The AGP report contended that the proportion of withholding taxes constituted 57 percent of total direct taxes credited and among the ten major components of this tax contractual receipts, exports, bank interest and various other items fell under the minimum tax or final tax regimen.
Two observations are relevant. First, that the FBR is deliberately crediting indirect taxes under direct taxes to give the semblance of an equitable tax structure that is reliant on the ability to pay principle. What is noteworthy is that the AGP report is for fiscal year 2022-23 wherein it noted that FBR collected 1.22 trillion rupees withholding tax, 366 billion rupees more than the year before. Clearly, as the following data shows, the reliance on withholding taxes in the indirect tax mode is rising. The reason: it is a low-hanging fruit as withholding agents as opposed to FBR officials are engaged in their collection, a tax deducted at the point of purchase. The current year has budgeted direct tax collections at 43 percent of total target collections of 12.970 trillion rupees, an increase from the 40 percent in the revised estimates of last year – 3.721 trillion rupees under direct taxes and total collections of 9.252 trillion rupees. It is also noteworthy that the budget for last year, formulated under the then approved Stand-By Arrangement of the International Monetary Fund (IMF) envisaged 45 percent of total FBR collections from direct taxes – 4.255 trillion rupees against total FBR collections of 9.45 trillion rupees. In other words, the optimistic direct tax collections fell short of target by 163 billion rupees last year notwithstanding the contingency measures put in place by the Fund, which were activated in the last half of 2023-24 — contingency measures that envisaged raising withholding taxes, amongst other items, on cigarettes and sugary drinks that in turn accounts for the erosion of income of a vulnerable or lower income householder.
And secondly and equally relevant, critics of the FBR maintain that by subsuming withholding taxes collected in the sales tax mode under direct taxes in the budget documents instead of itemising them separately as in the case of capital gains tax and workers profit participation fund may indicate an intent to mislead rather than an oversight — a view that is gaining strength, given that this is not the first time the AGP has flagged this discrepancy.
While the provincial governments have agreed with the IMF to begin levying a tax on farm income from January 2025, hopefully at least at the same rate as payable by the salaried, yet this delay is inexplicable.

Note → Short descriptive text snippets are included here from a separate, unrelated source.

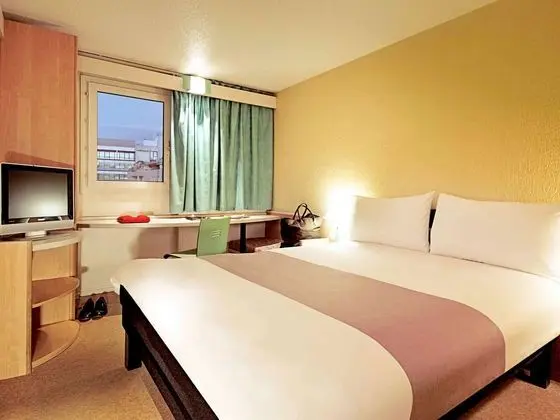 Ibis Carlisle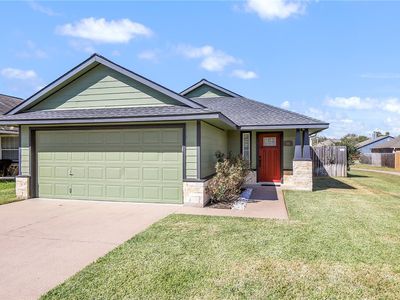 916 Crested Point Dr, College Station, TX, 77845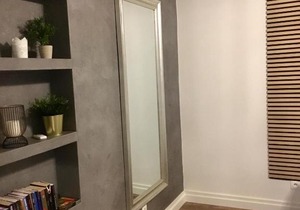 kameralny apartament II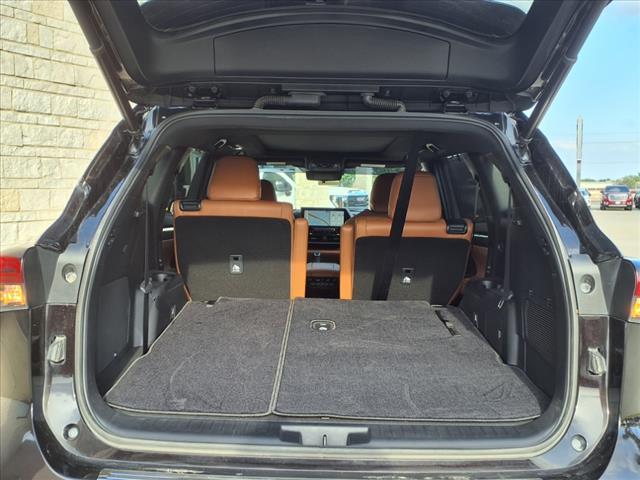 used 2021 Toyota Highlander car, priced at $35,420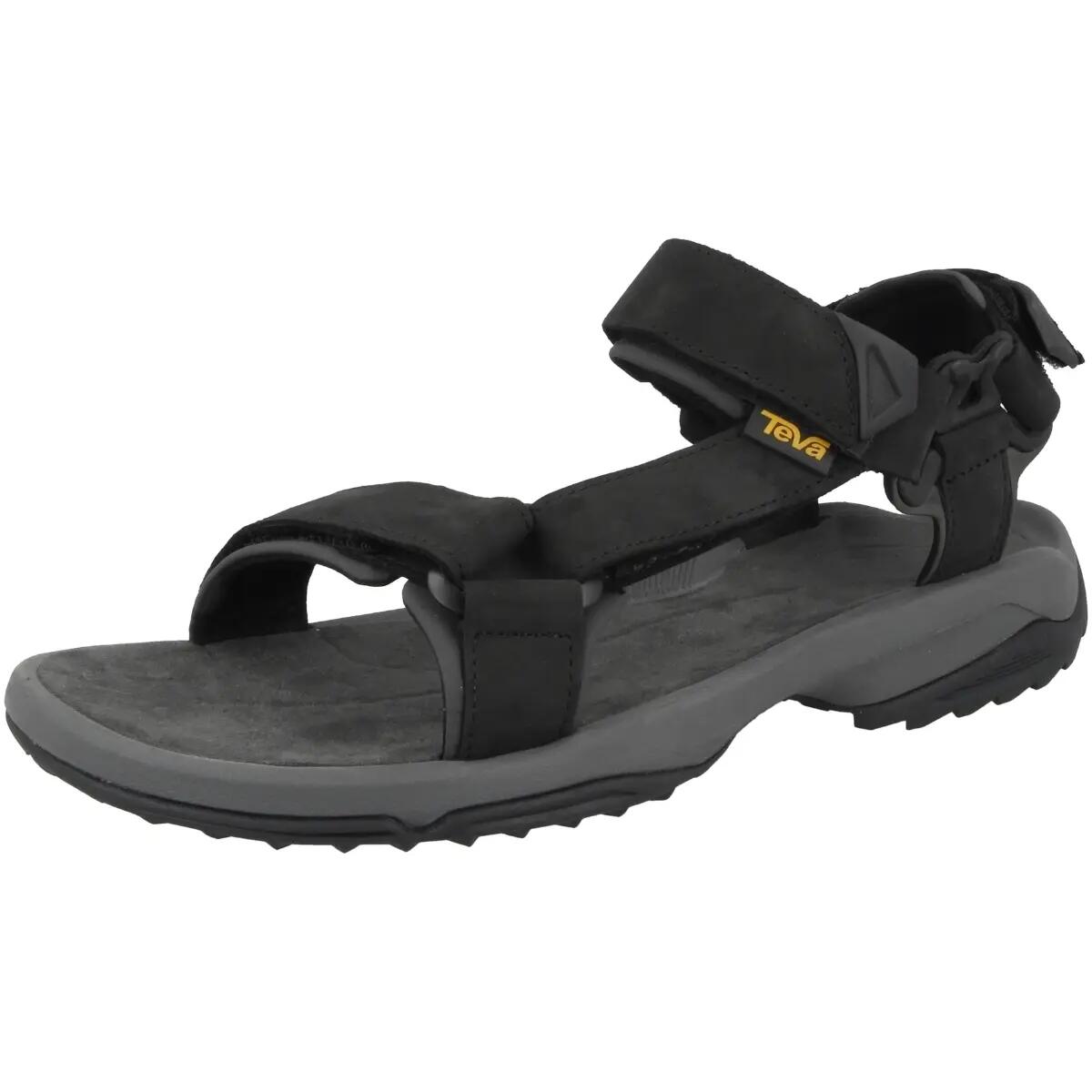 Sandale Terra Fi Lite Leather Men 4/5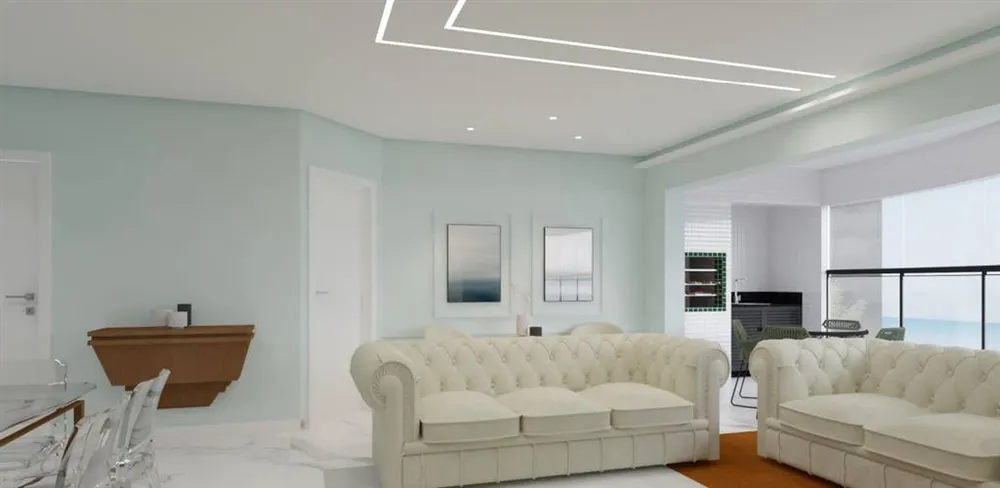 Apartamento, 4 quartos, 140 m² - Foto 3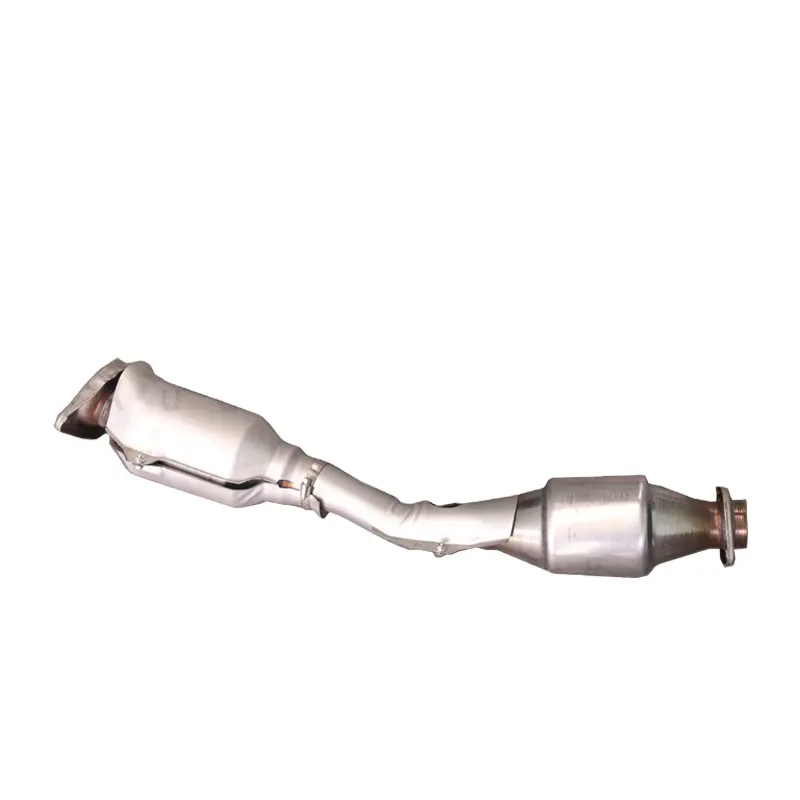 OEM Quality Hot Sale Three way Exhaust catalytic converter for Nissan TIIDA Old model 2006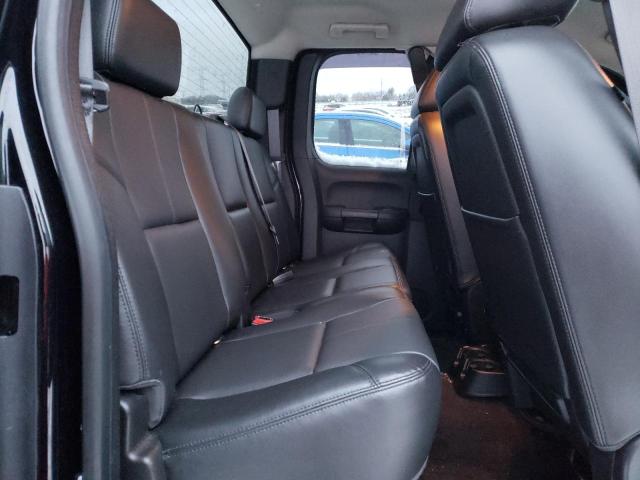 Photo 10 from auction – 2013 CHEVROLET SILVERADO with VIN 1GCRKTE70DZ269450
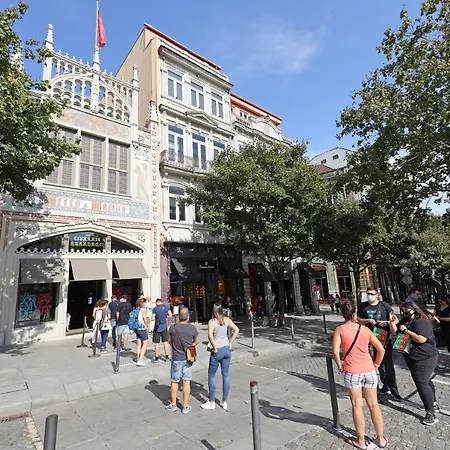 Flh Balcony Porto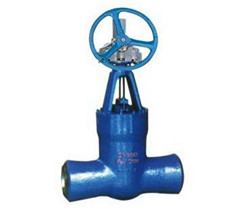 焊接閘閥 焊接閘閥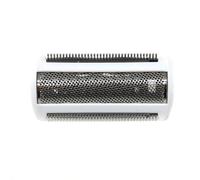 Grille de rechange universelle for tondeuse et rasoir, compatible avec les modèles Philips, No-relco et Bodygroom XA2029, XA525, TT2021, YS522, YS524 et TT2022.(1pc white)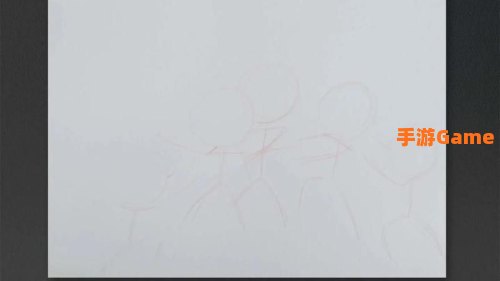 画画小游戏大全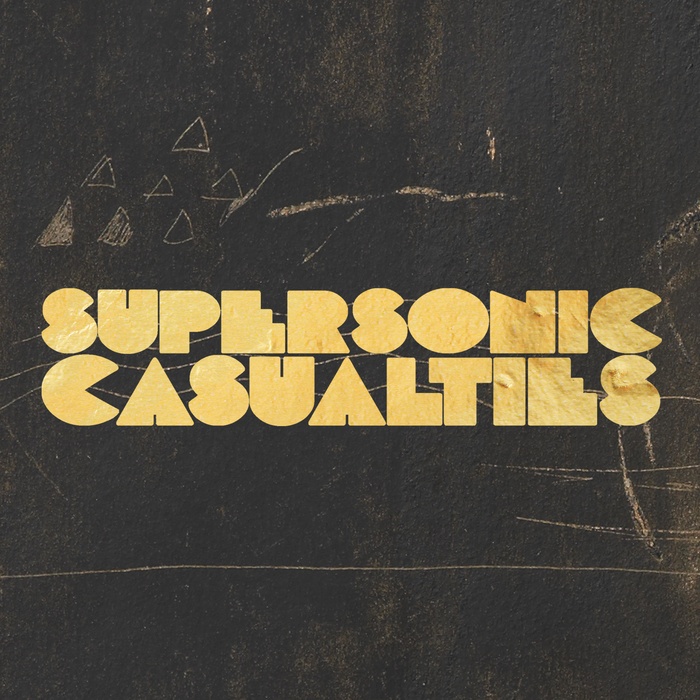 Supersonic Casualties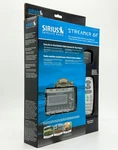 Sirius Satellite Radio Streamer Gt Ultra Compact Receiver With Vehicle Kit - New. Fixed Price $39.77.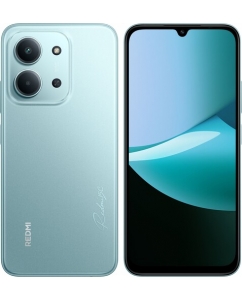 Купить 6.9" Смартфон Xiaomi Redmi 15C 256 ГБ зеленый в Техноленде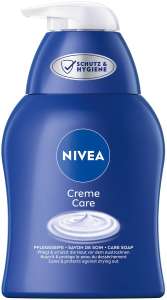 NIVEA Creme Care Pflegeseife (250 ml) (Prime Spar-Abo)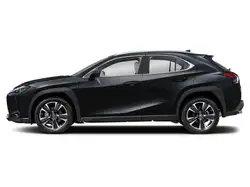 Lexus UX 300h снимка Lexus UX 300h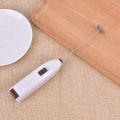 Mini Electric Coffee Whisk Mixer Milk Foamer Frother Egg Beater Kitchen Tools BMD. 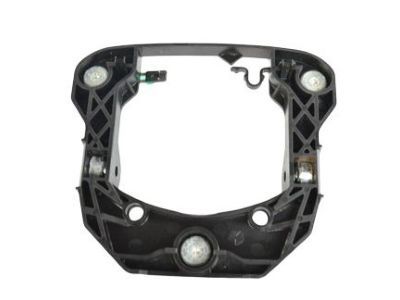 Dodge 5189428AC SWITCH Horn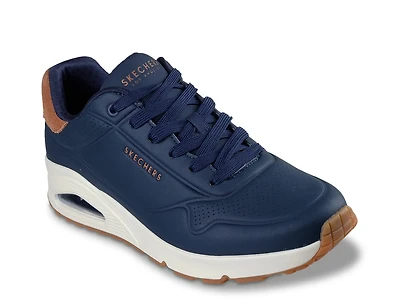 Street Uno Suited On Air Sneaker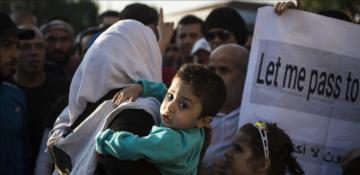 Fundamental rights ‘under threat’ in Europe, report shows 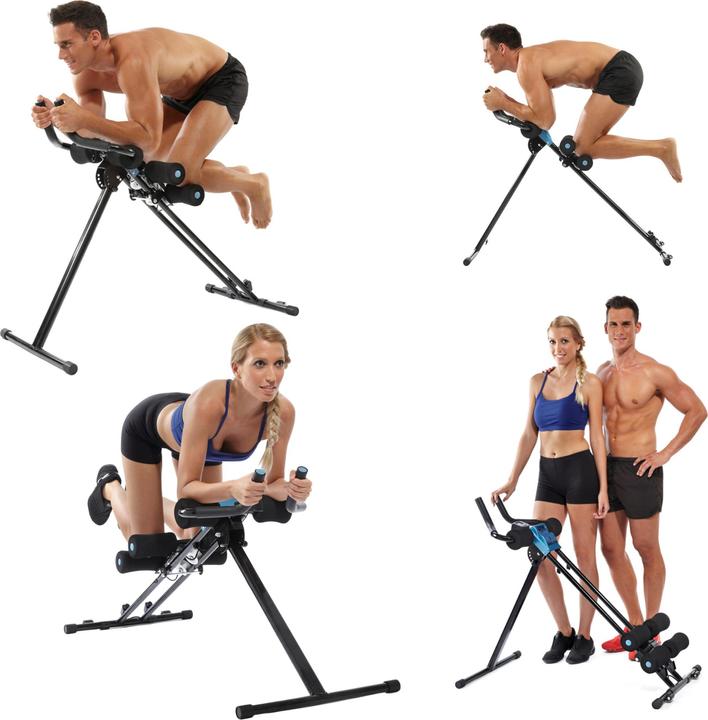 Immagine prodotto Gymform Ab Generator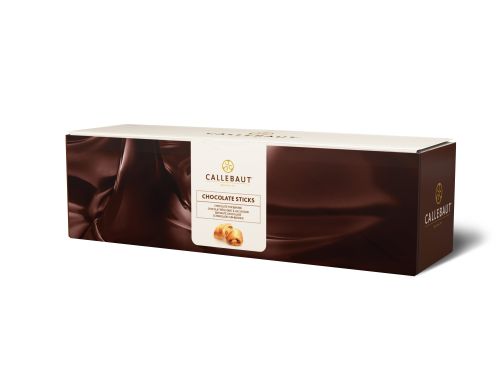 [03070062] CALLEBAUT CHD-BB-538-308 BATON CHOCOLAT FIN 38CM FONDANT 5KG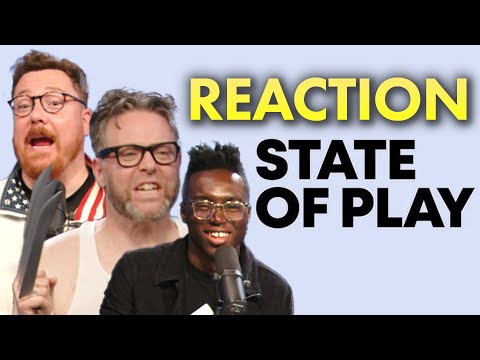 PlayStation State of Play Live Reaction & Review (September 2025)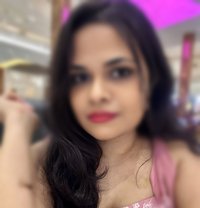 ️Akriti🥀(cam & real meet)🥀 Honey - puta in Navi Mumbai
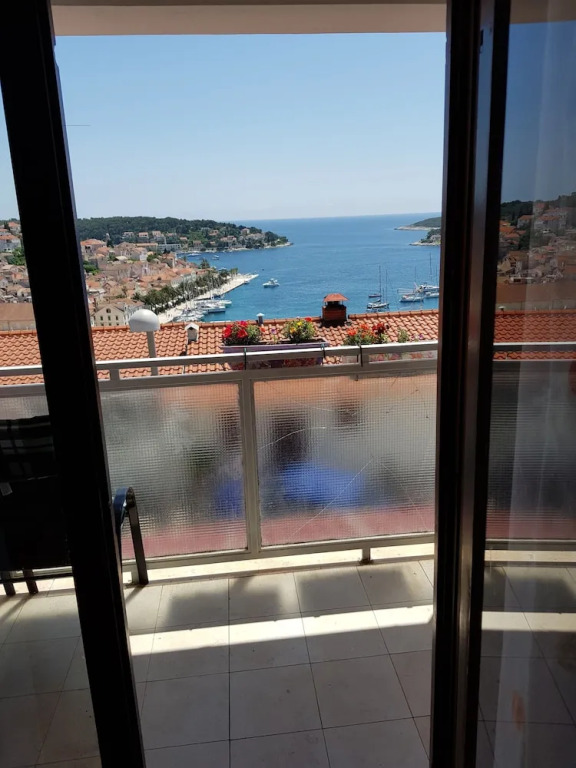 Apartmani Luci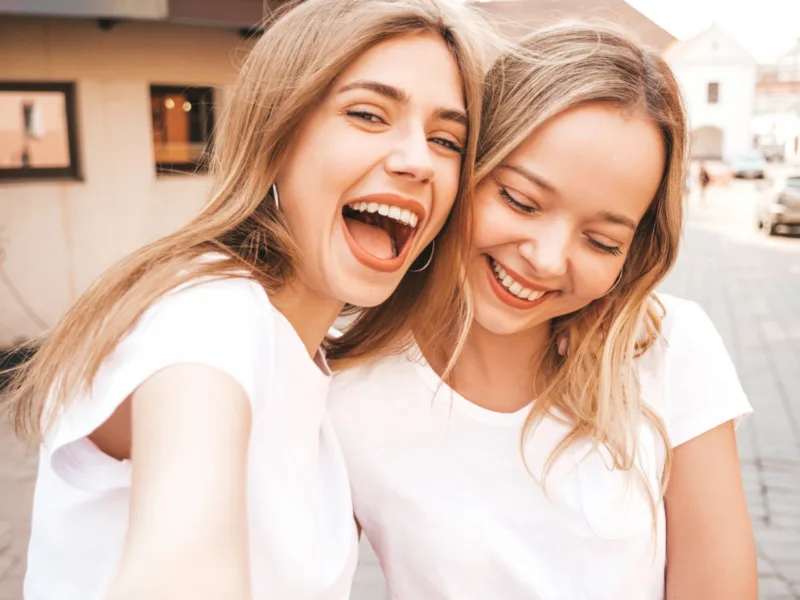 prijateljice freepik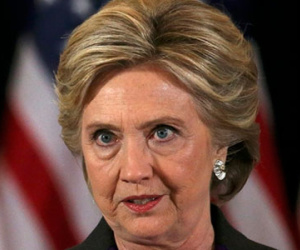 Toàn văn bài phát biểu sau bại trận của Hillary Clinton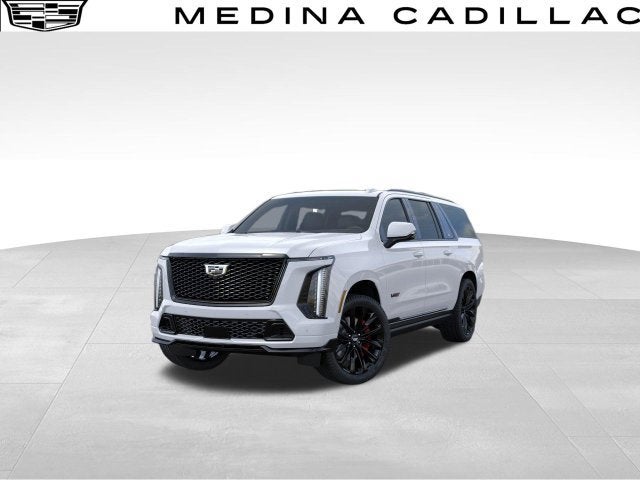 2027 Cadillac Escalade ESV AWD V-Series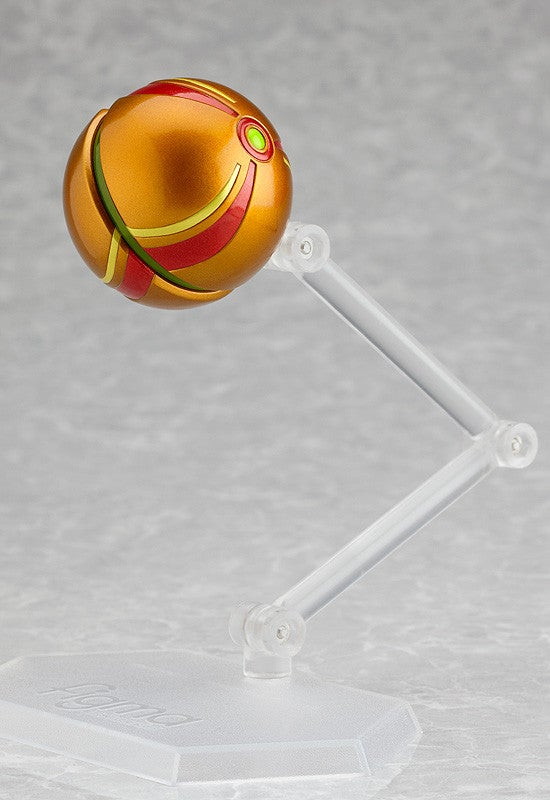 METROID Other M「figma サムス・アラン」のフィギュア画像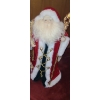 Image 1 : Santa w/ Red Coat 23 T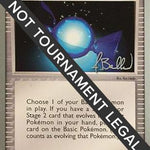 Rare Candy 2006 (Jimmy Ballard) 090 - World Championship Decks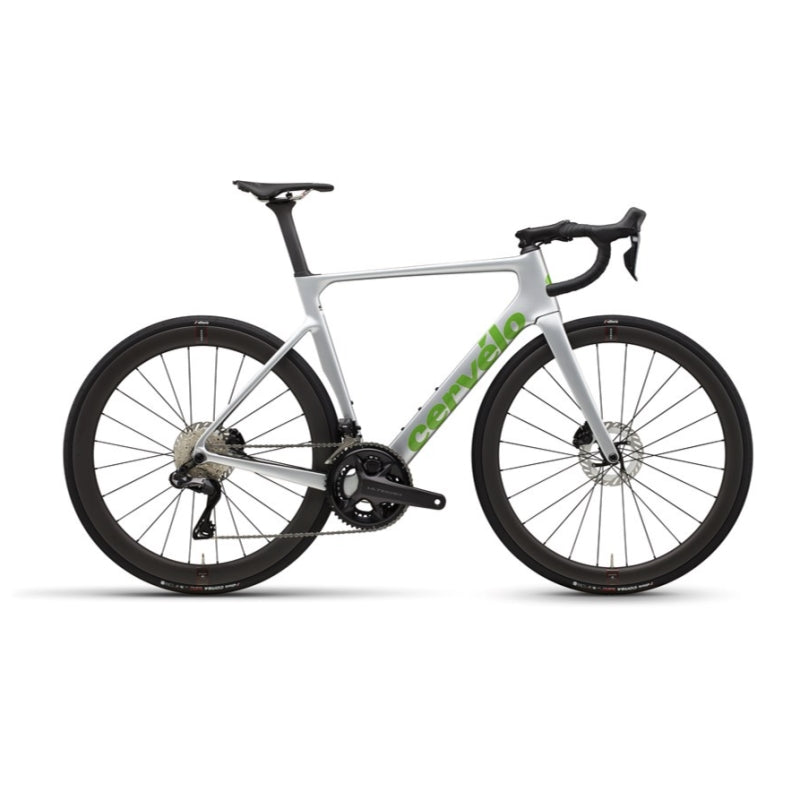 Cervelo C26 Soloist Ultegra DI2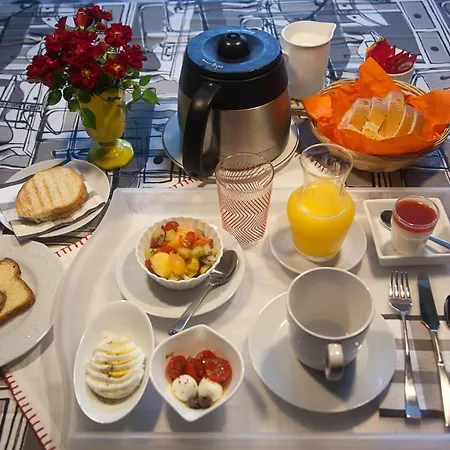 Bbnaon B&B 포르데노네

Failing the passage of a constitutional amendment where this is declared a provincial subject it is critical for the provinces to begin levying a tax on the income of the rich landlords and thereby ease some of these highly inflationary withholding taxes levied in the sales tax mode. In addition, the federal government must decide to levy a tax on the income of those engaged in the real estate sector and builders and desist from extending fiscal and monetary incentives to some sectors, which necessitates reliance on indirect taxes, which, in turn, explains the erosion of the quality of life of the general public, failure for the public to appreciate a decline in inflation and the root cause of 41 percent poverty levels in this country.